Cold mornings, rainy afternoons and chilly evenings often influence what people choose to eat. When temperatures drop, a steaming bowl of porridge, a plate of ugali with stew or a hot serving of githeri can feel far more satisfying than a light snack.

The NHS Eatwell Guide recommends meals that combine starchy carbohydrates, protein foods, vegetables and healthy fats. This supports balanced plates such as ugali with stew and vegetables, githeri with greens, or beans served with rice and avocado.

Hot foods do not permanently raise the body’s core temperature iujin the way warm clothing does. However, meals served hot can create an immediate feeling of warmth, while the body also produces heat as it digests food. Meals containing carbohydrates, protein and healthy fats are particularly useful because they provide energy and help people stay full for longer.

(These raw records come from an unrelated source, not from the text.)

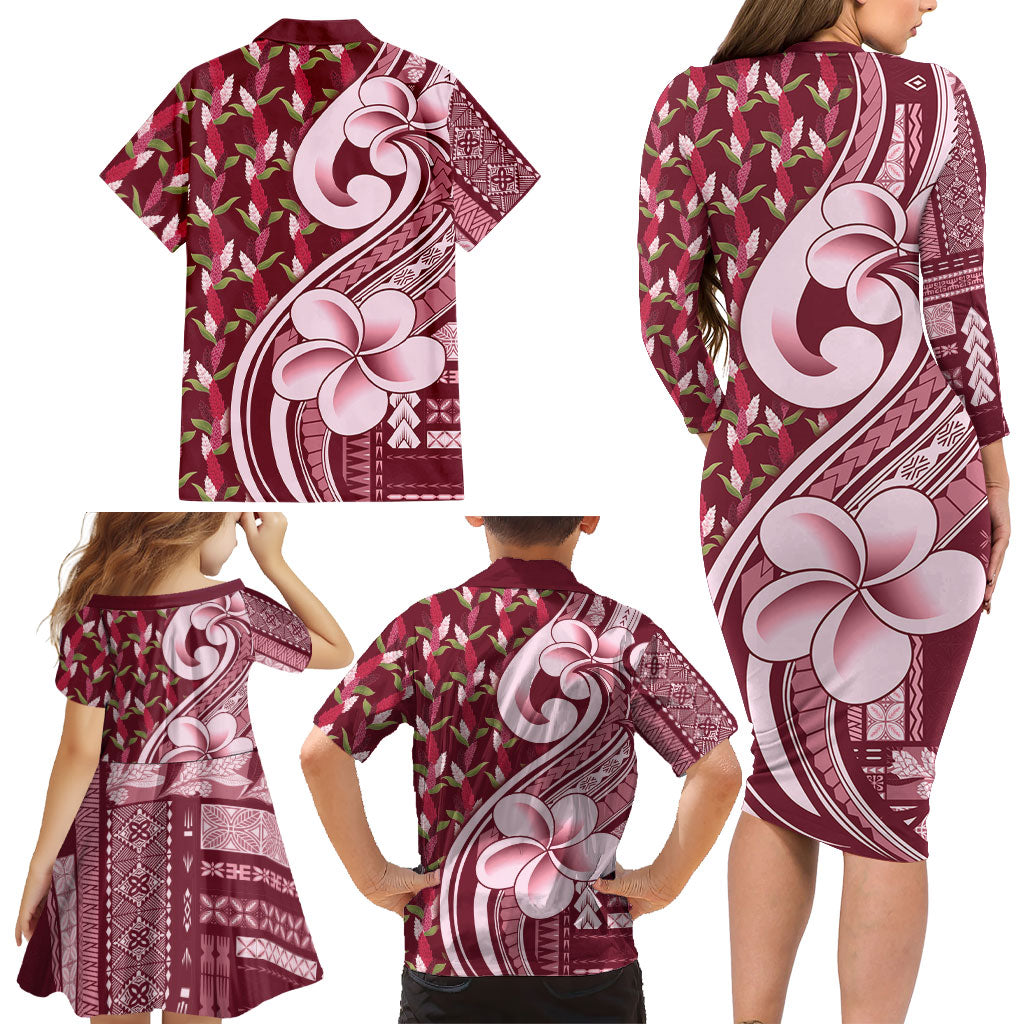 Samoa Teuila Family Matching Long Sleeve Bodycon Dress and Hawaiian Shirt Maroon Samoan Siapo Motifs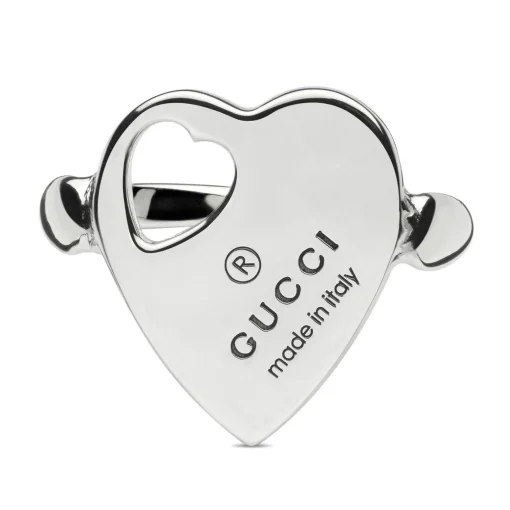 Gucci Trademark Silver Heart Ring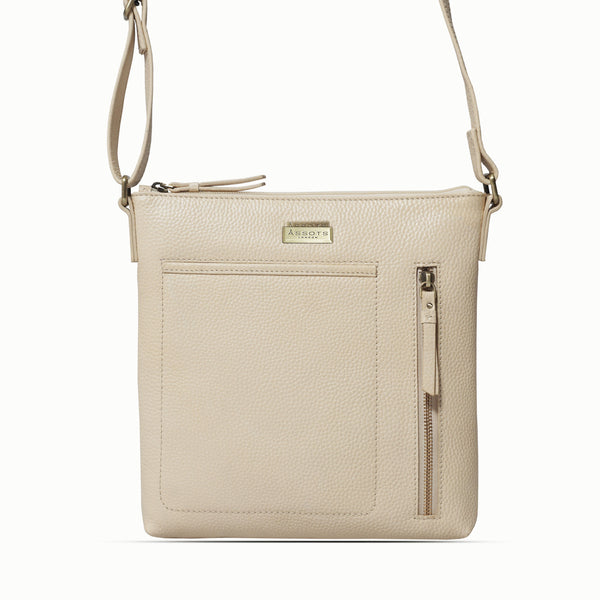 'EDITH' Off White Pebble Grain Leather Crossbody bag
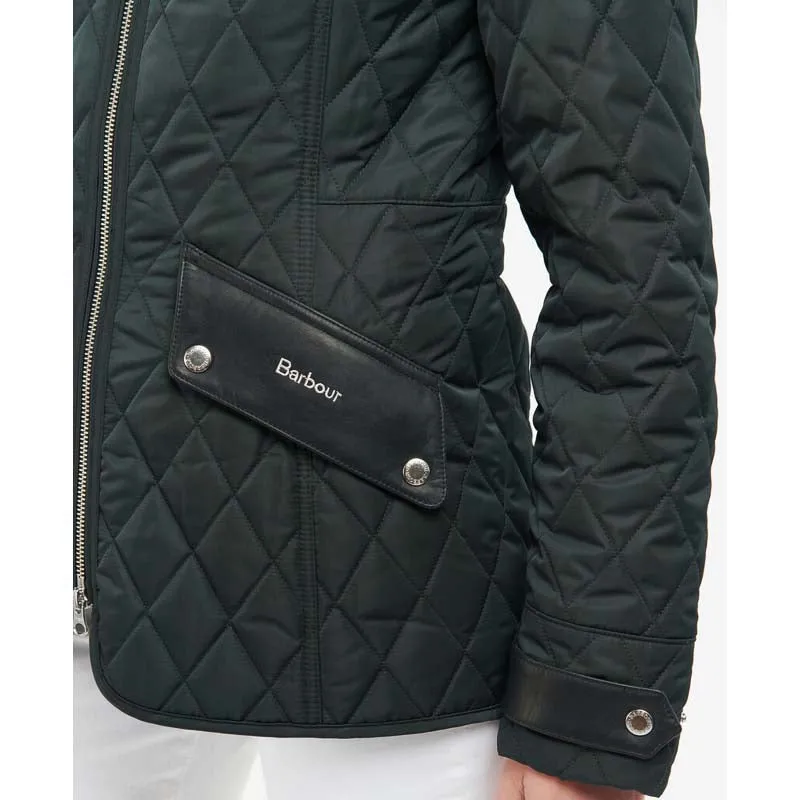 Barbour Premium Cavalry Ladies Quilted Jacket - Black/Ancient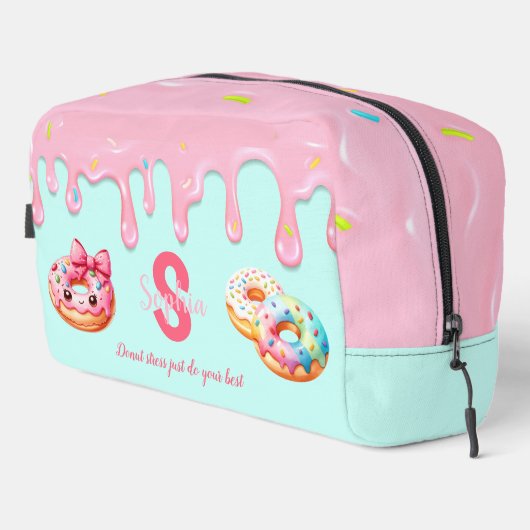 Schattigee donut druppelen ijsje lief meisje roze  toilettasje (Rechterhoek)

Uji offers a warm start to the day

Uji remains one of the most common foods for cold mornings. Made from millet, sorghum, maize or mixed flour, it is usually served hot and can be prepared with milk, groundnuts, honey or a little sugar.

Uji Pawa in a bowl. PHOTO/https://web.facebook.com/stevo.palmamzizi
Uji Pawa in a bowl. PHOTO/https://web.facebook.com/stevo.palmamzizi

The hot porridge gives immediate comfort, while its carbohydrates provide energy for the morning. Millet and sorghum can also add fibre, while milk and groundnuts bring protein and fat, making the drink more filling.

For people who prefer a solid breakfast, boiled sweet potatoes, arrowroots and cassava are also suitable choices. These root foods provide carbohydrates and are best enjoyed hot with tea, milk, eggs or avocado.

Githeri and mokimo make hearty meals

Githeri is one of Kenya’s most dependable cold-weather meals. The combination of maize and beans provides carbohydrates, protein and fibre, helping the body receive steady energy through the day.

The meal can be made richer by adding potatoes, pumpkin, carrots, onions, tomatoes and leafy vegetables. Served hot, it becomes a filling lunch or supper that can keep hunger away for hours.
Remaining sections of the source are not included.